Constructor homing is a similar optimization that applies to almost all classes with constructors. It emits type information for a class wherever its constructor definition is emitted. Unlike with vtable homing, the type info for a class could be emitted more than once, but it has a large impact on debug info because it applies to a large percentage of classes. If all of a class’s constructors are defined out of line, the class type information will only be emitted once. If there are constructors defined inline, the inline constructors, and therefore class type information, will be emitted in every compilation unit that calls a constructor.

Constructor homing assumes that if a user wants a class to have debug info, then that class was constructed somewhere in the program. This is a reasonable assumption to make, as classes viewed in the debugger probably exist in program memory, and any class that exists in memory must have been constructed.

Even though all classes have constructors, there are some types of classes that constructor homing doesn’t apply to: trivial classes, aggregate classes, and classes with constexpr constructors. It’s possible to create instances of these classes without emitting a constructor, so we can’t guarantee that the debug info will be emitted. However, these types of classes tend to be fairly small, so we would probably see less of an improvement from using constructor homing on them.

Constructor homing can be enabled with -Xclang -fuse-ctor-homing. Eventually, the plan is to enable it by default in Clang so that it happens as part of -fno-standalone-debug. In terms of Clang’s -debug-info-kind= flags, constructor homing is implemented as -debug-info-kind=constructor, one level below -debug-info-kind=limited.

Size improvements

Emitting less class type info gives us a significant reduction in object file sizes. In a Chrome debug build on Linux (which uses split dwarf for debug info), .o and .dwo file sizes with constructor type homing are about 30% smaller (with a 20% overall reduction in build directory size). In a Clang debug build on Linux, .o file sizes are about 48% smaller (and the overall build directory is 38% smaller). On Windows, both Chrome and Clang had 37% smaller .obj files.

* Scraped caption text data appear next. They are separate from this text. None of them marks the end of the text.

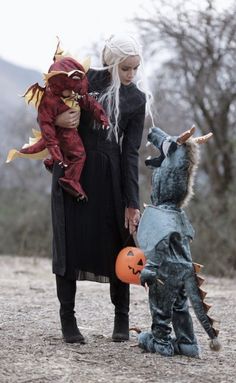 a woman holding a child in her arms and two other children dressed up as witches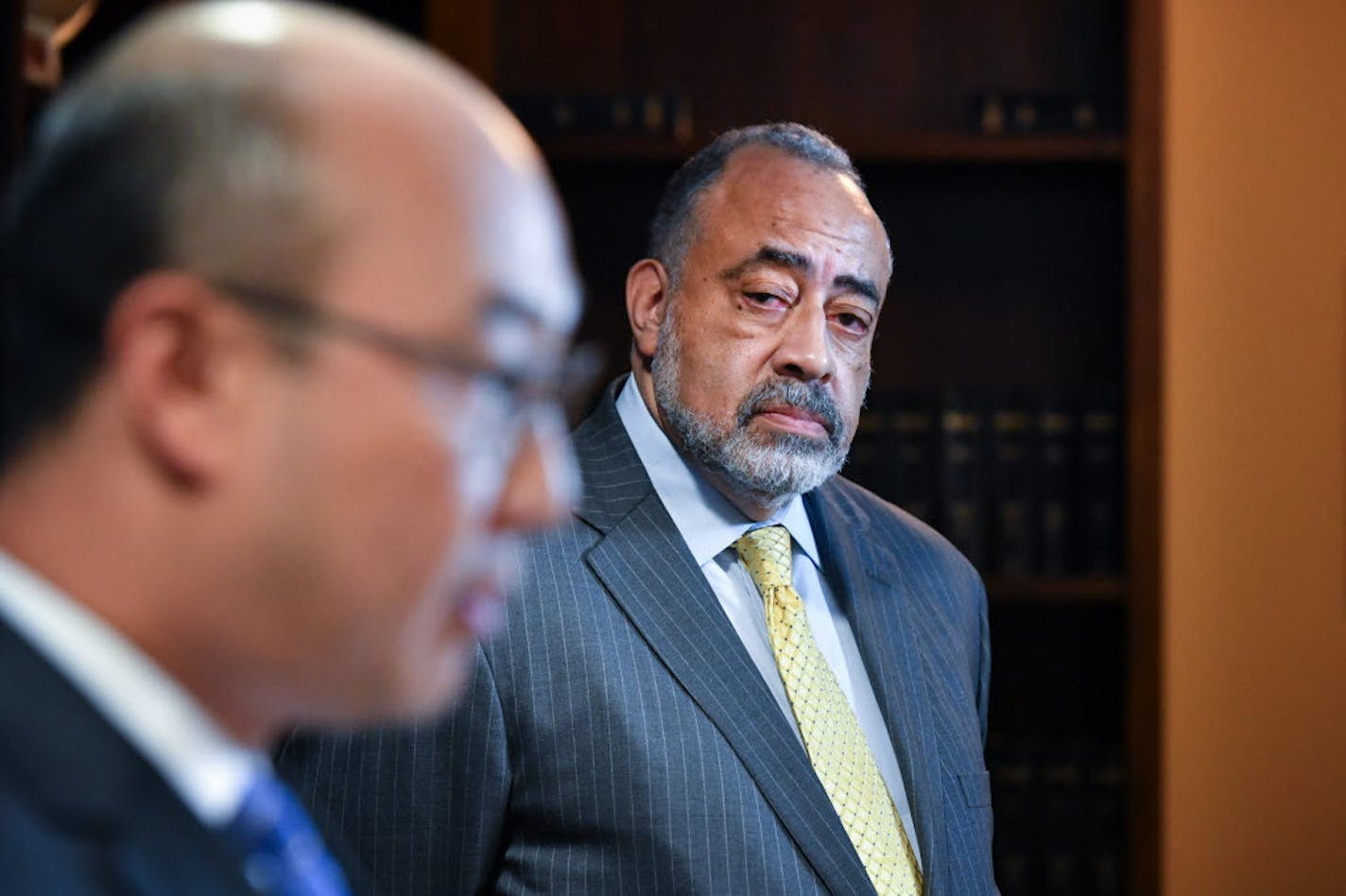 Don Lewis, background, looks on Friday as Ramsey County Attorney John Choi announces that he's adding Lewis to help as a special prosecutor in the inquiry into the death of Philando Castile.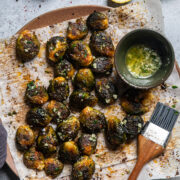 vegan smashed brussels sprouts on a parchment lined plate with a lemon garlic butter sauce.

The smaller object file size also results in an improvement in link times and GDB load times. On Windows, linking Chrome with constructor homing is 6% faster, while linking Clang is 34% faster. On Linux there was no noticeable difference in link time in Chrome, but linking Clang is 25% faster.

Measured on my machine, without using --gdb-index, the GDB load time for Clang is about 2m30s without constructor homing, and 1 minute with. If --gdb-index is enabled, the GDB startup time is about a second regardless, and the binary size is about 30% smaller with constructor homing.

Potential pitfalls

Ideally, constructor homing shouldn’t change the debug info that’s available when debugging, but there are some cases where it does. Even though this is undefined behavior in C++, it is possible to define a class with a non-trivial constructor and create an instance of it without calling the constructor (this is often done in C code, where there are no constructors):

Foo *p = malloc(sizeof(Foo));
p->someField = 1;

The constructor for Foo is never called, so its debug info is never emitted.

After enabling constructor type homing in Chrome, we discovered that there are a few classes in libc++ that avoid calling the constructor, and for various reasons, that would be difficult to change. To ensure that they still have debug info, there’s a new attribute in Clang called [[standalone_debug]]. If a class has the attribute it will have the same debug info as if it were built with -fstandalone-debug. This can be used to get debug info for classes that otherwise would have had their type info omitted with constructor homing (or with any of the other debug info optimizations).

I’ve also looked into whether there are other common cases where constructor homing omits debug info. Manually comparing the debug info available in a Clang build showed some missing types. There were a few classes that were not used anywhere. There were also one or two pseudo-namespace classes that only had static methods and were therefore never constructed. Looking at diffs of the debug info is somewhat difficult given how many object files and types there are (most of the missing types I saw were because the type wasn’t constructed in the particular binary or set of object files I compared), so there may have been other cases I missed.

Summary

Constructor type homing is a new optimization that greatly reduces the size of debug info in object files. Currently it can be enabled with the cc1 flag -fuse-ctor-homing, and the plan is to enable it by default as part of -fno-standalone-debug in Clang. If you want to make your debug builds smaller, try adding -Xclang -fuse-ctor-homing to your build and let us know how much object file size it saves.